DIRECTIONS:
Nothing outside the lines below from the one containing "This is a pixiv" through the one containing "Baskets Adidas Superstar" is to be printed; print those exactly, ends included, and drop the pictures.

TASK INPUTS:
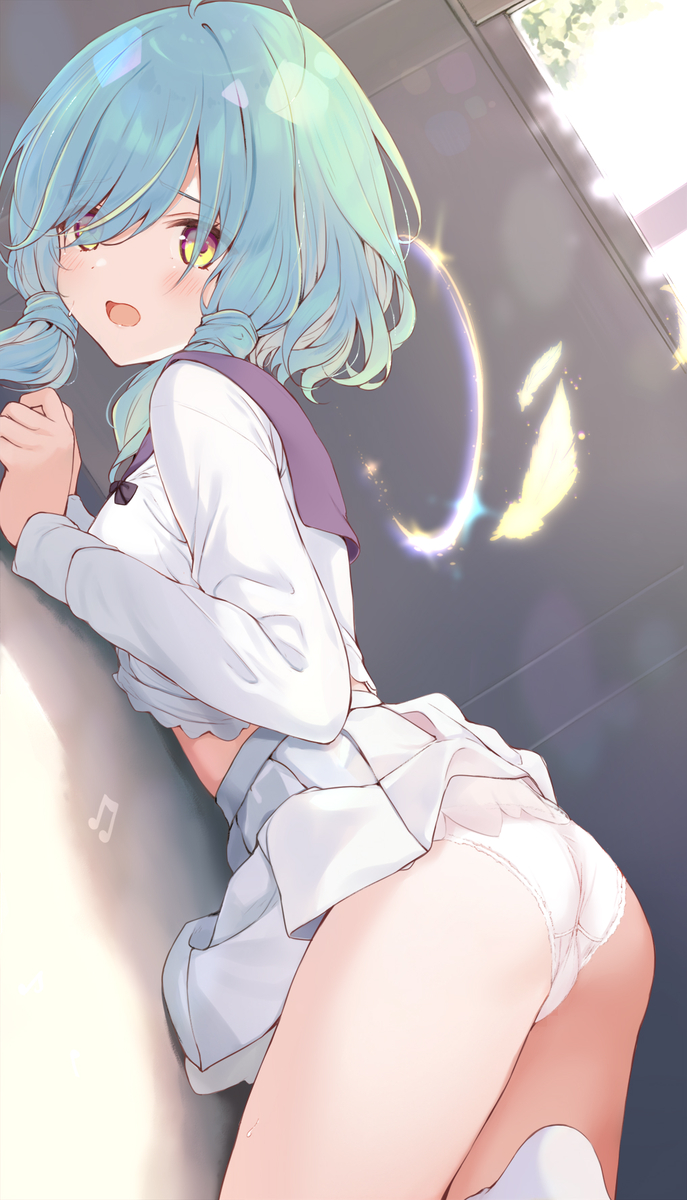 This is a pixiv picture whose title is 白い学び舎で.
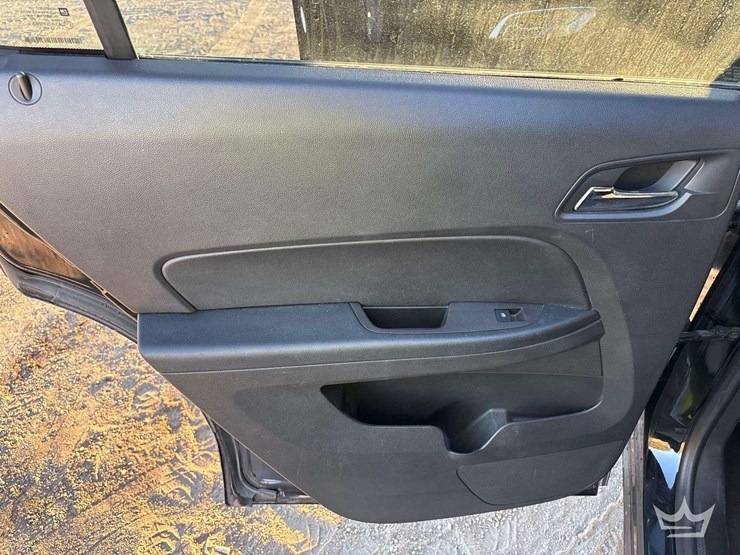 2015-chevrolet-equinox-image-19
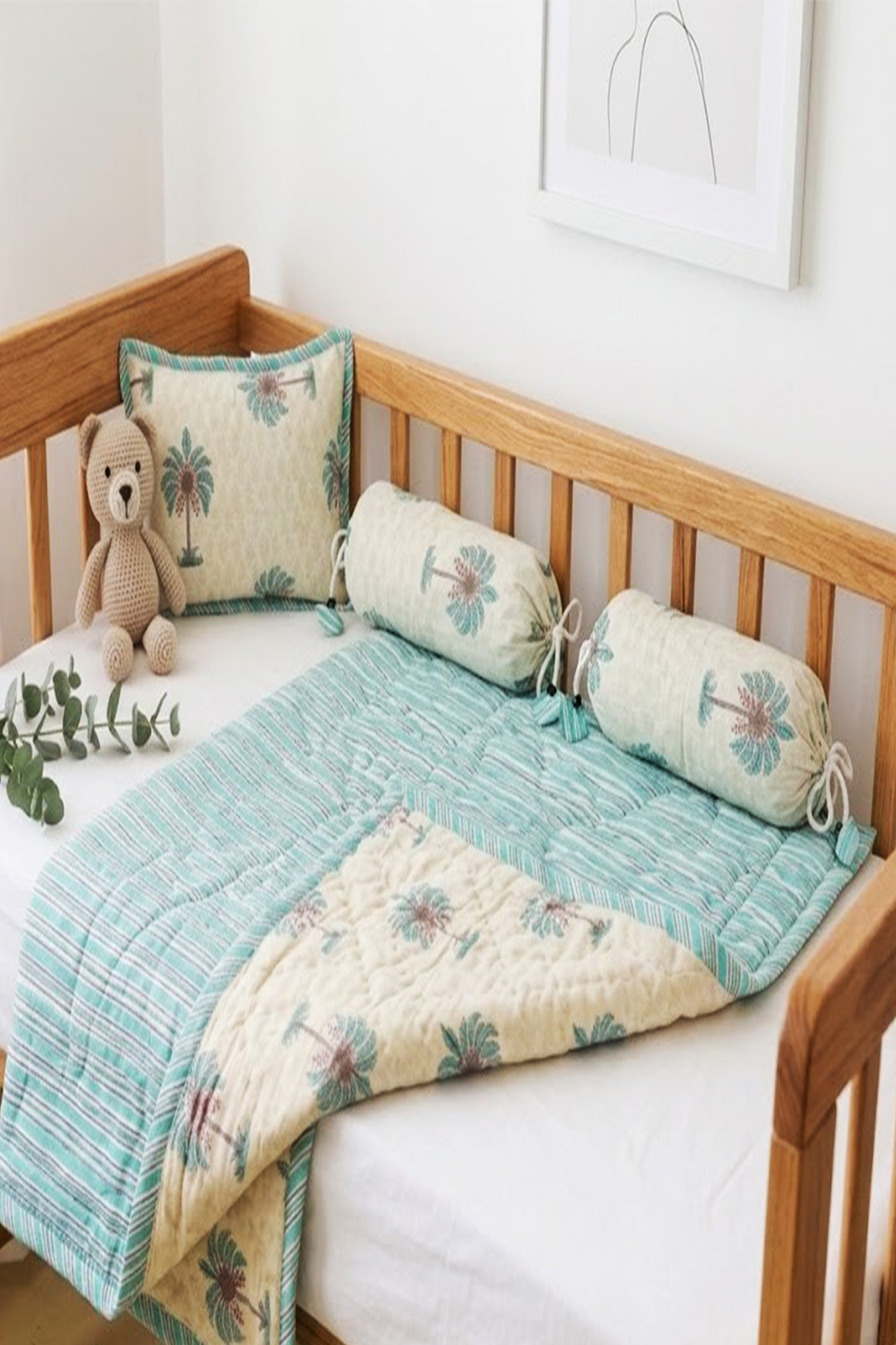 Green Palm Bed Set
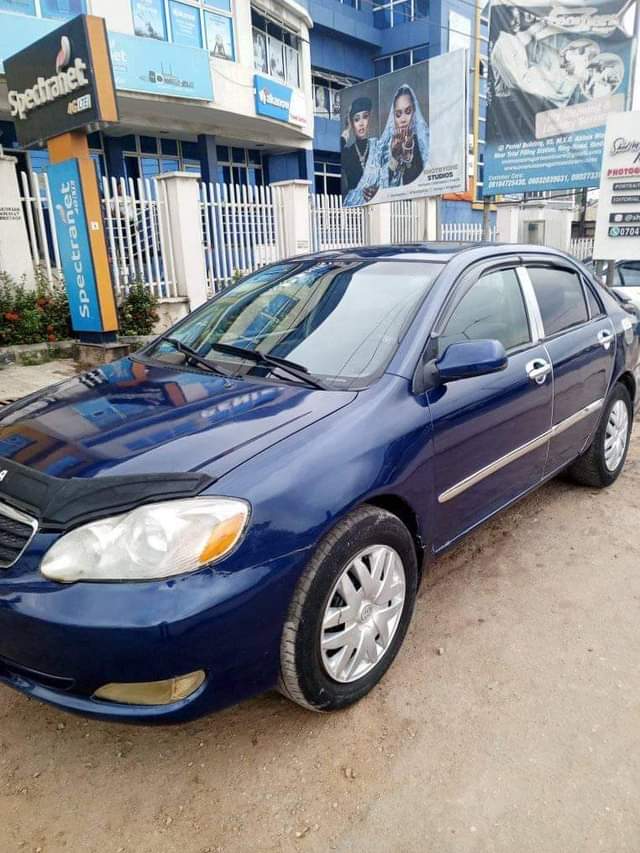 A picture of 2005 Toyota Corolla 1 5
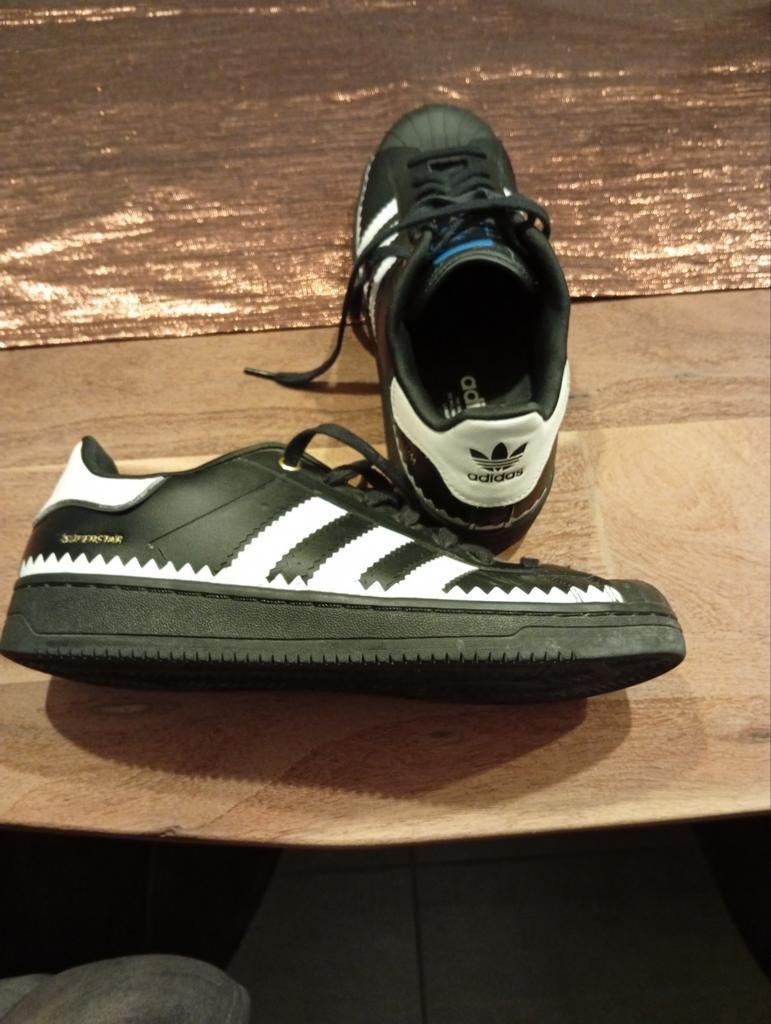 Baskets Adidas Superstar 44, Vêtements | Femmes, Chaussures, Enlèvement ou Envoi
...
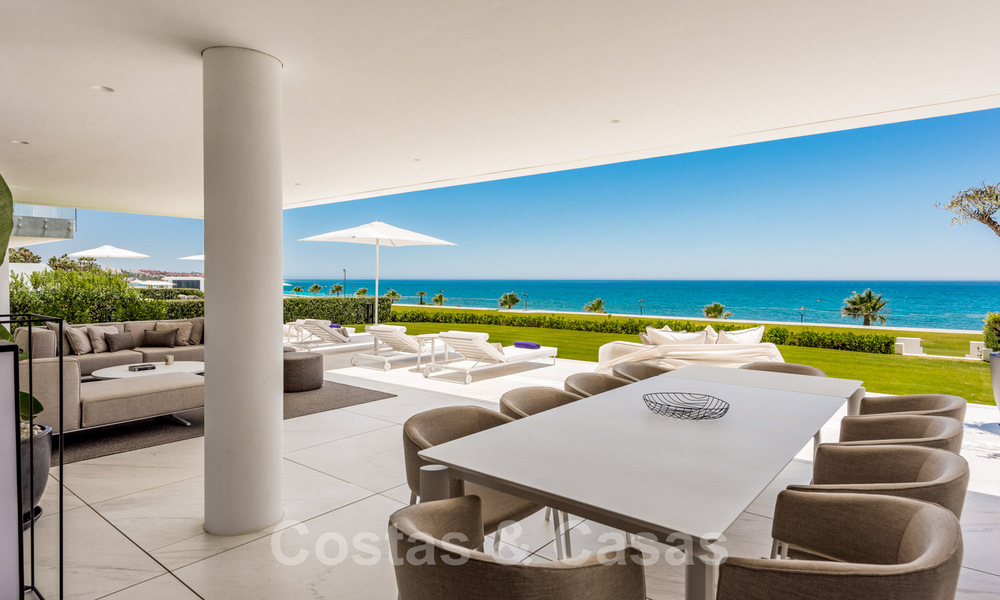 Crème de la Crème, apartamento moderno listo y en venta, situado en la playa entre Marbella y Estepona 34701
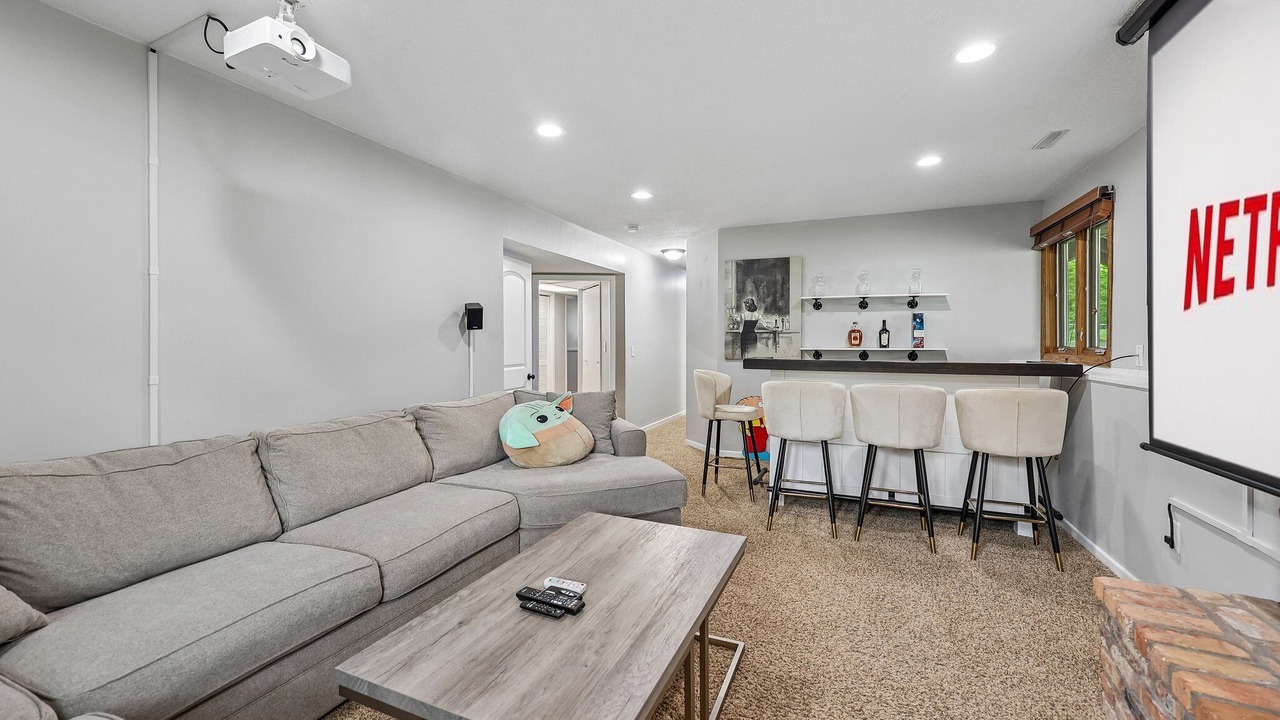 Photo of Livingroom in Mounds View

EXERCISE RESPONSE:
 This is a pixiv picture whose title is 白い学び舎で.
 2015-chevrolet-equinox-image-19
 Green Palm Bed Set
 A picture of 2005 Toyota Corolla 1 5
 Baskets Adidas Superstar 44, Vêtements | Femmes, Chaussures, Enlèvement ou Envoi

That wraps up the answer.